▶ Goal of the exercise:
For this task, copy all of the data below exactly and skip the pictures.

▶ Dataset extract:
——————————

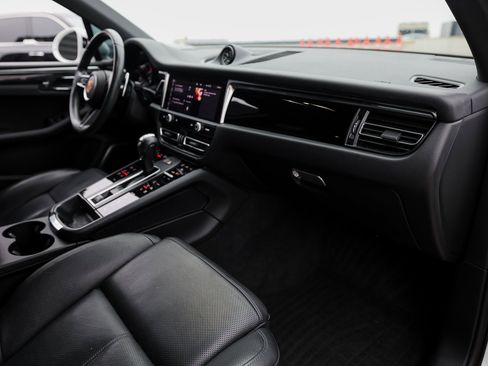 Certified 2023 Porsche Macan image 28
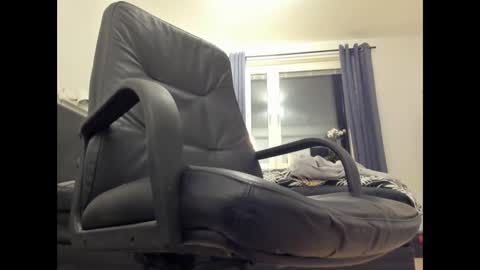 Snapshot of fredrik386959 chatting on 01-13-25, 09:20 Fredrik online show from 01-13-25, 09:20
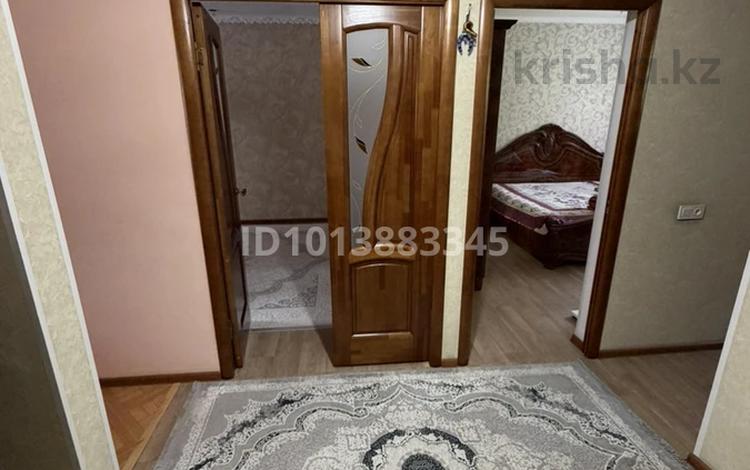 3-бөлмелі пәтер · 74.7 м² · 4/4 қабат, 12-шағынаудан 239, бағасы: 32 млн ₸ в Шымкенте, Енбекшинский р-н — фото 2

——————————

▶ Response to this exercise:
 Certified 2023 Porsche Macan image 28
 Snapshot of fredrik386959 chatting on 01-13-25, 09:20 Fredrik online show from 01-13-25, 09:20
 3-бөлмелі пәтер · 74.7 м² · 4/4 қабат, 12-шағынаудан 239, бағасы: 32 млн ₸ в Шымкенте, Енбекшинский р-н — фото 2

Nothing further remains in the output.